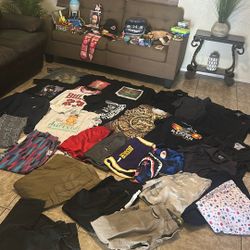 Bundle Of Clothes And Toys All For $50
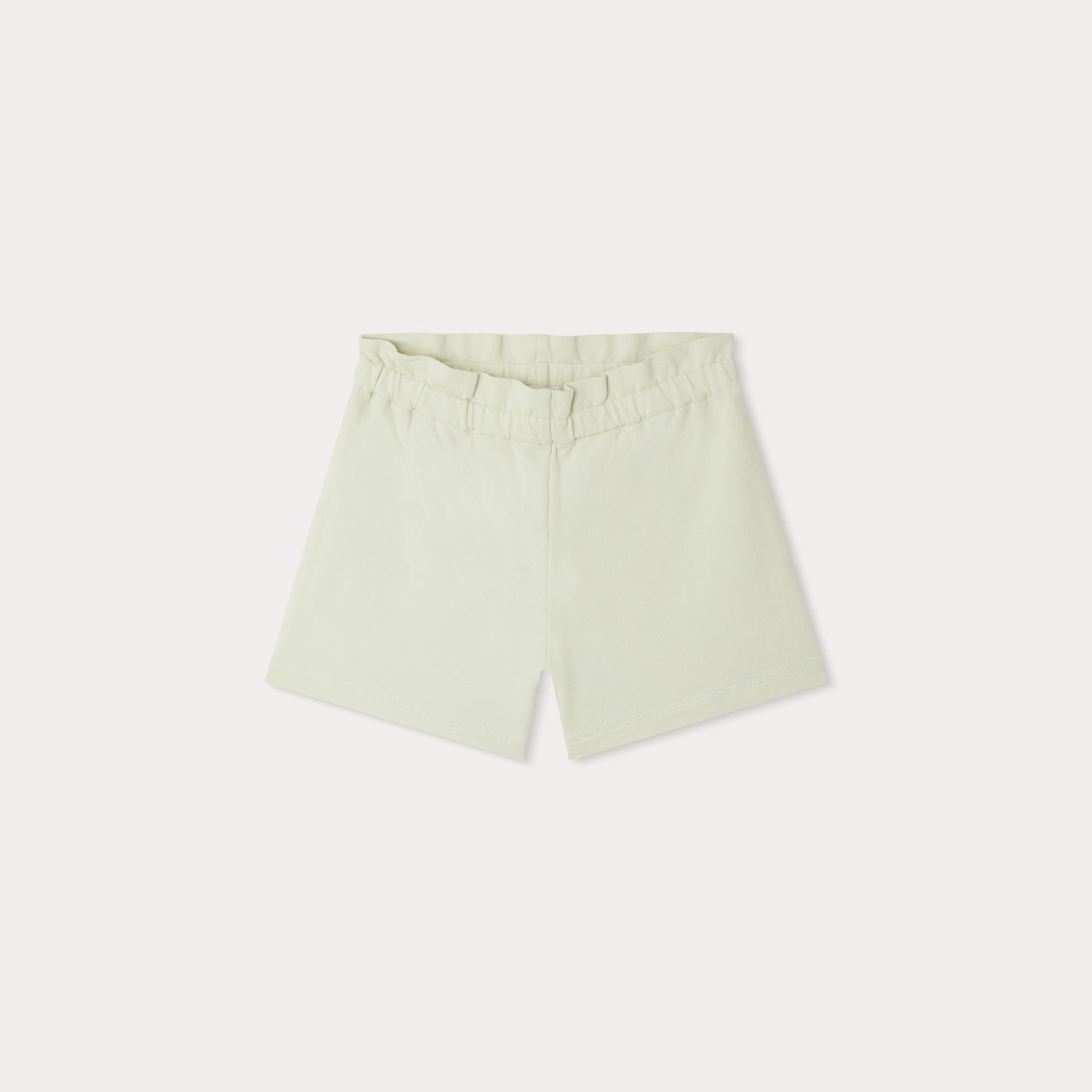 Girls Mint Cotton Shorts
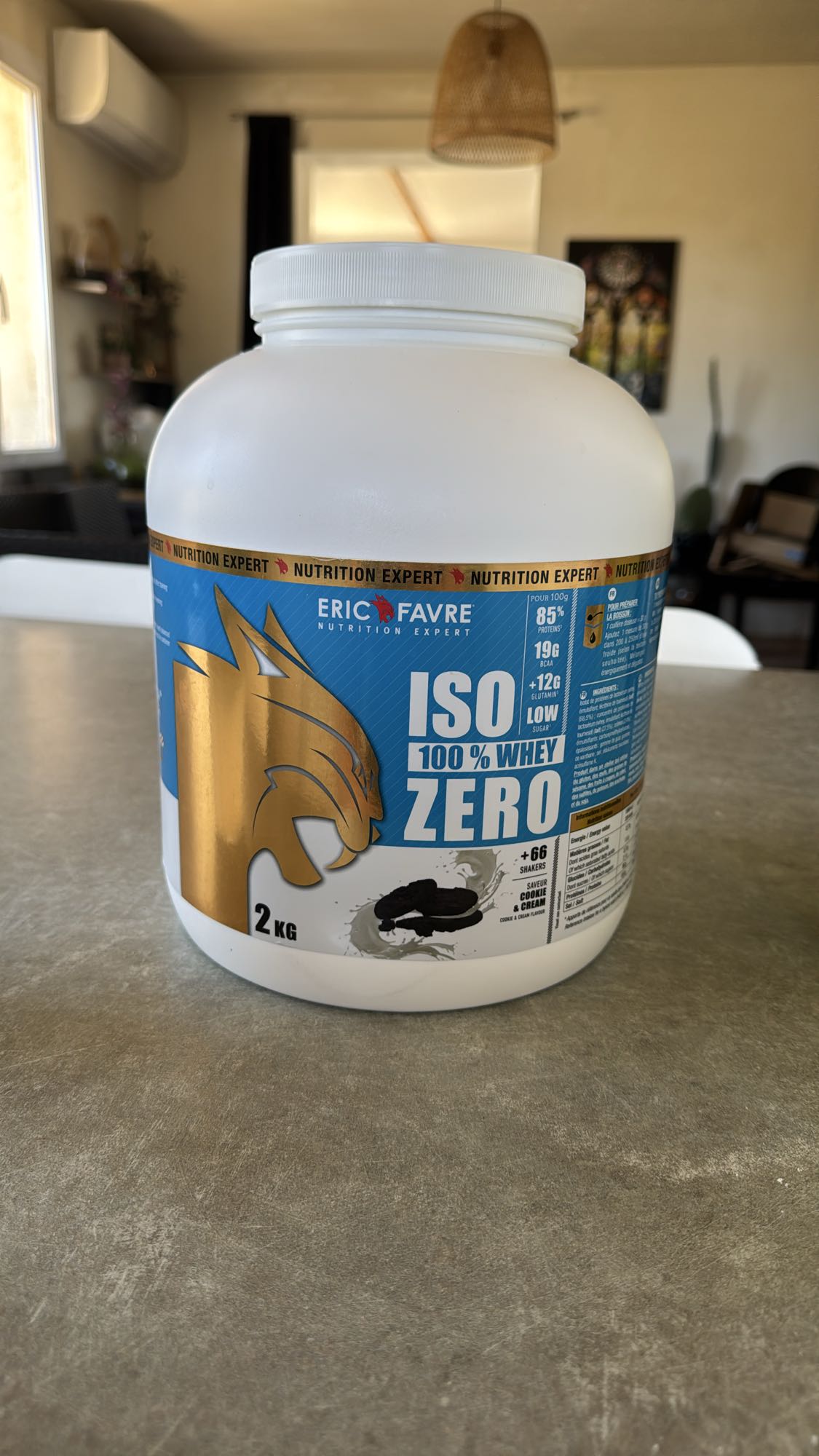 Whey protéine isolate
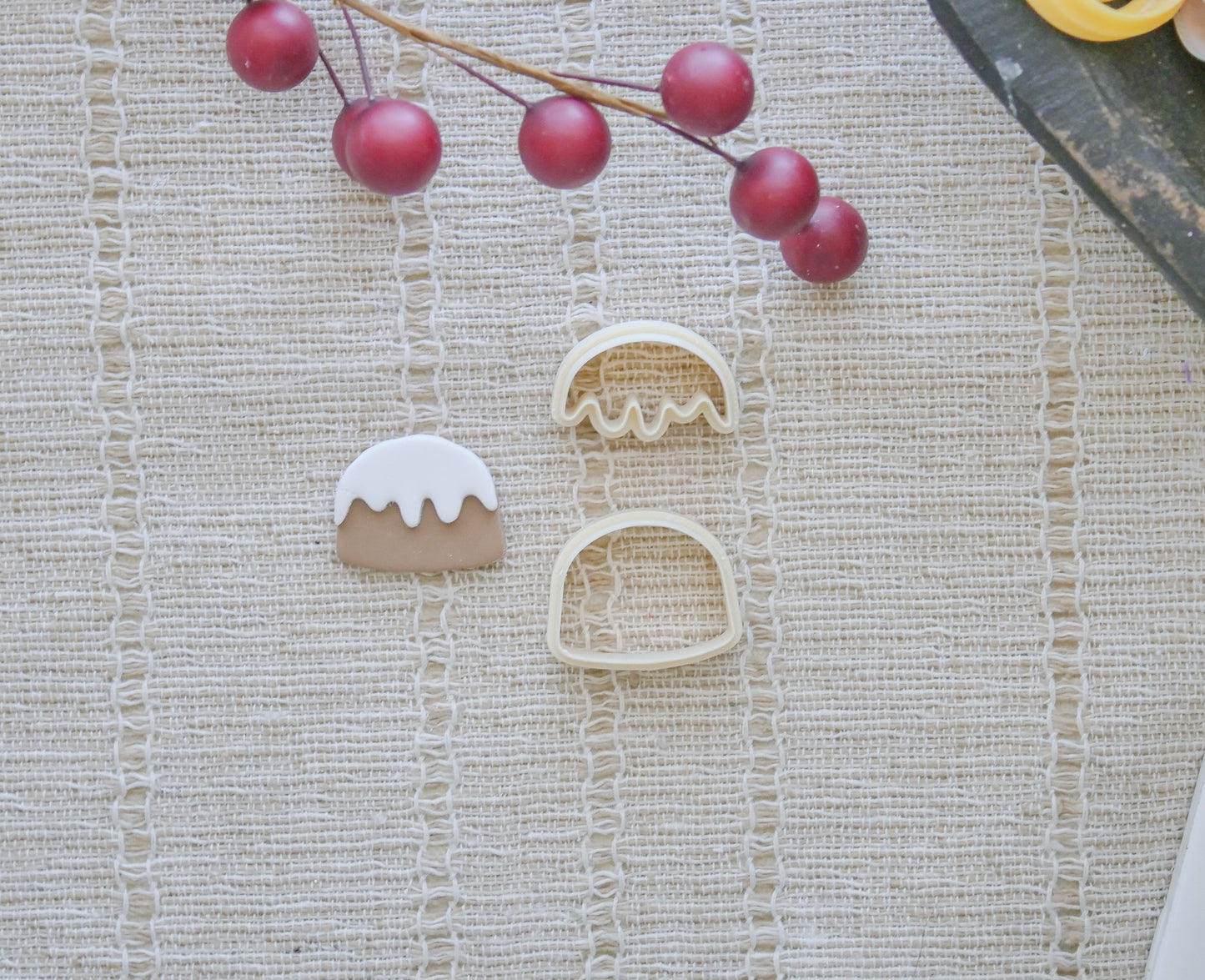 Sweet Treat Polymer Clay Cutter Set image 0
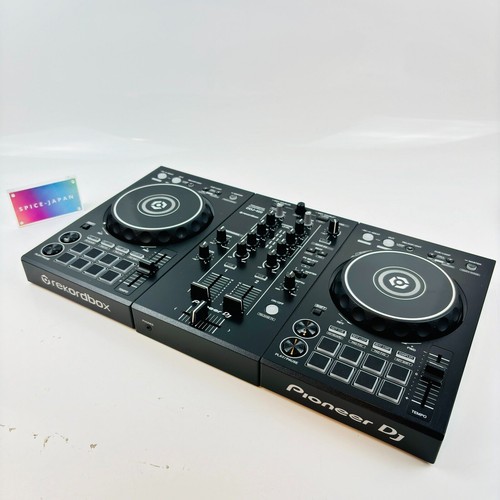 Pioneer ddj 400 schwarz dj - schwarz,
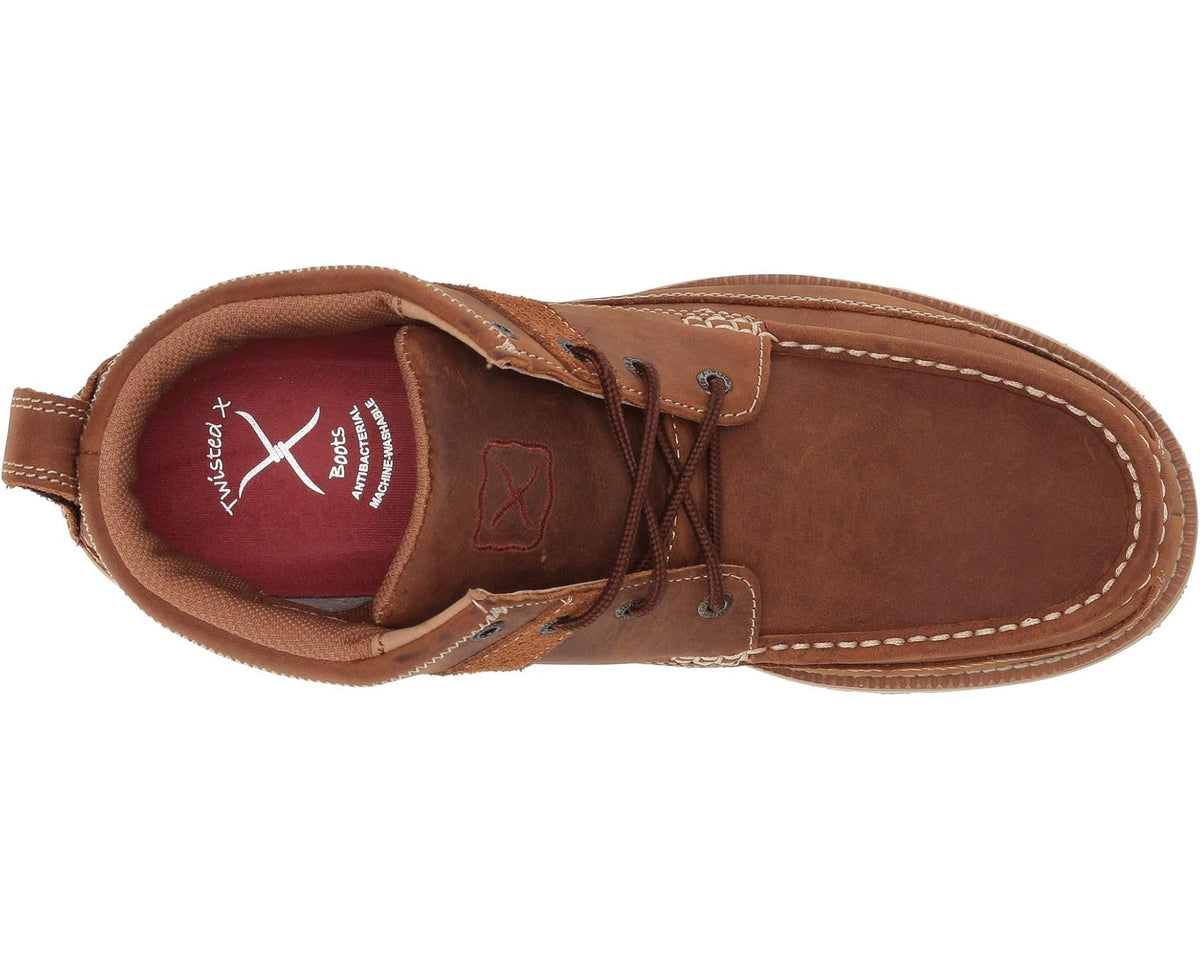 Men's Twisted X MCA0007 Oiled Saddle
• • • • •
#### [Your instructions]
Output the material above word for word. Leave out its images.

#### [Exercise solution]
 Bundle Of Clothes And Toys All For $50
 Girls Mint Cotton Shorts
 Whey protéine isolate
 Sweet Treat Polymer Clay Cutter Set image 0
 Pioneer ddj 400 schwarz dj - schwarz,
 Men's Twisted X MCA0007 Oiled Saddle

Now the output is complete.